I can't help but think that if the designers of Nimrod would put the cleverness that they put into the macro system into the rest of the language they could find a way to get rid of most of the need for macros. For example, there is the when statement which is essentially a macro version of an if statement, where if the when condition is true then the else clause doesn't even get type-checked. Deliberately not type-checking part of a program is surely a bad sign for reliability. You can even declare a variable inside a when and then use it outside the when. I don't see what all the dangerous trickery of when is trying to accomplish that couldn't be managed more safely with a simple if.
Nimrod certainly doesn't have traits like Scala. Nimrod is a very different language from Ruby, but I don't think Nimrod has anything that is really equivalent to mixins either.
My desire for multiple inheritence is entirely motivated by Nimrod's static type checking. Each procedure expects me to declare the types of every parameter. Under those circumstances, I expect the freedom to be able to declare my objects to be of more than one type. In Ruby you don't declare the types of your parameters, so the entire issue is avoided for that language.

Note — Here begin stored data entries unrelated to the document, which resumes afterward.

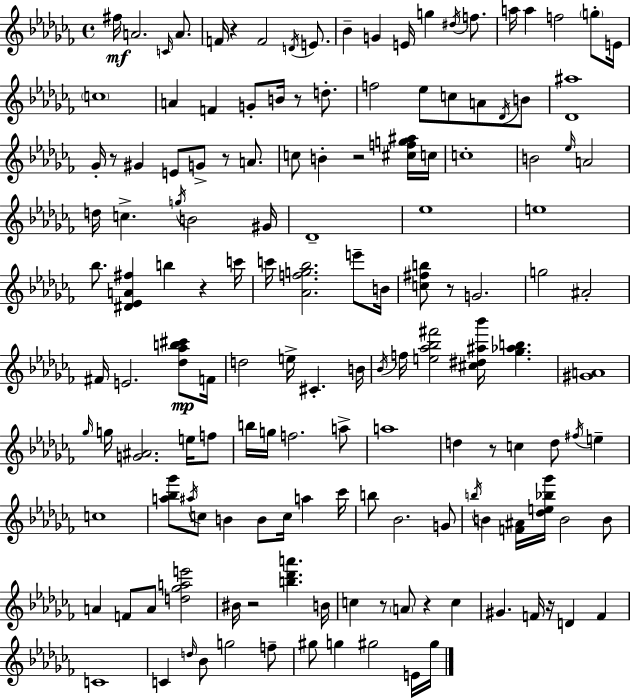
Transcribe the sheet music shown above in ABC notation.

X:1
T:Untitled
M:4/4
L:1/4
K:Abm
^f/4 A2 C/4 A/2 F/4 z F2 D/4 E/2 _B G E/4 g ^d/4 f/2 a/4 a f2 g/2 E/4 c4 A F G/2 B/4 z/2 d/2 f2 _e/2 c/2 A/2 _D/4 B/2 [_D^a]4 _G/4 z/2 ^G E/2 G/2 z/2 A/2 c/2 B z2 [^cfg^a]/4 c/4 c4 B2 _e/4 A2 d/4 c g/4 B2 ^G/4 _D4 _e4 e4 _b/2 [^D_EA^f] b z c'/4 c'/4 [_Afg_b]2 e'/2 B/4 [c^fb]/2 z/2 G2 g2 ^A2 ^F/4 E2 [_d_ab^c']/2 F/4 d2 e/4 ^C B/4 _B/4 f/4 [e_a_b^f']2 [^c^d^a_b']/4 [_g_ab] [^GA]4 _g/4 g/4 [G^A]2 e/4 f/2 b/4 g/4 f2 a/2 a4 d z/2 c d/2 ^f/4 e c4 [a_b_g']/2 ^a/4 c/2 B B/2 c/4 a _c'/4 b/2 _B2 G/2 b/4 B [F^A]/4 [_de_b_g']/4 B2 B/2 A F/2 A/2 [d_gae']2 ^B/4 z2 [b_d'a'] B/4 c z/2 A/2 z c ^G F/4 z/4 D F C4 C d/4 _B/2 g2 f/2 ^g/2 g ^g2 E/4 ^g/4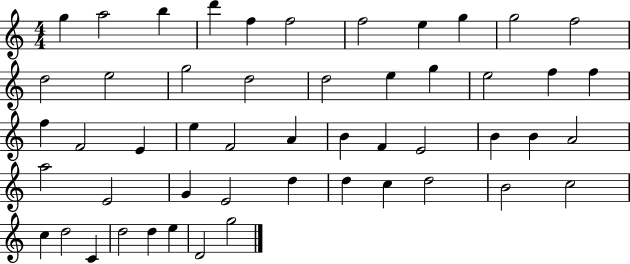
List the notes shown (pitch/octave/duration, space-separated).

G5/q A5/h B5/q D6/q F5/q F5/h F5/h E5/q G5/q G5/h F5/h D5/h E5/h G5/h D5/h D5/h E5/q G5/q E5/h F5/q F5/q F5/q F4/h E4/q E5/q F4/h A4/q B4/q F4/q E4/h B4/q B4/q A4/h A5/h E4/h G4/q E4/h D5/q D5/q C5/q D5/h B4/h C5/h C5/q D5/h C4/q D5/h D5/q E5/q D4/h G5/h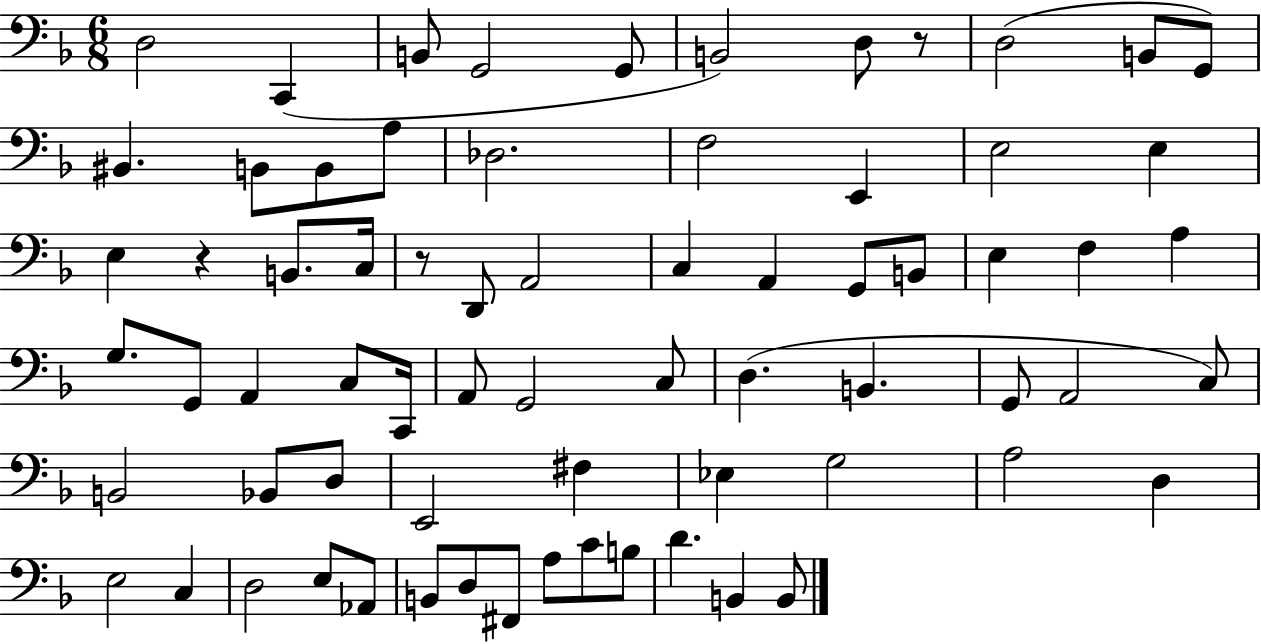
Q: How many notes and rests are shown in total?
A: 70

One interesting powerful feature of Nimrod is the fact that you can add new methods to existing classes, even if the class is defined in another module. Ruby allows you to do almost the same thing, but when you do it in Ruby you are allowed to violate the privacy of the private members of a class, and fortunately Nimrod prevents this. Unfortunately, when you add methods in Nimrod you need to specify just one class; there is no way to make those methods available for other classes except by defining the methods again or having each class use up its one precious superclass slot.
Fortunately, according to its website Nimrod is still changing, so perhaps there is a chance that multiple inheritence will be added before version 1 is released and new features become much harder to add. For example, I think it would be entirely in the flavor of Nimrod to have a declaration something like:
extend TList: TCollection
where TList and TCollection are types declared earlier. TCollection would probably either be an object with no fields, or else a new kind of type specially added to the language for this purpose, but either way we would then have the power to call methods and procedures with a TList argument where a TCollection is expected. If you already have a big library of TCollection methods, then with one stroke you have brought all of that power into TList. You would probably also have to override a few TCollection methods to hook up the internals of TList to the TCollection interface, but it would still be enormously powerful.
It would be just like Ruby mixins but it would be type safe and you wouldn't be able to define new fields on your classes in the way that Ruby mixins can. Just like in Ruby you would be able to add the mixin anywhere in your source code, not just where your class is defined, so it fits in nicely with your ability to define methods anywhere in Nimrod.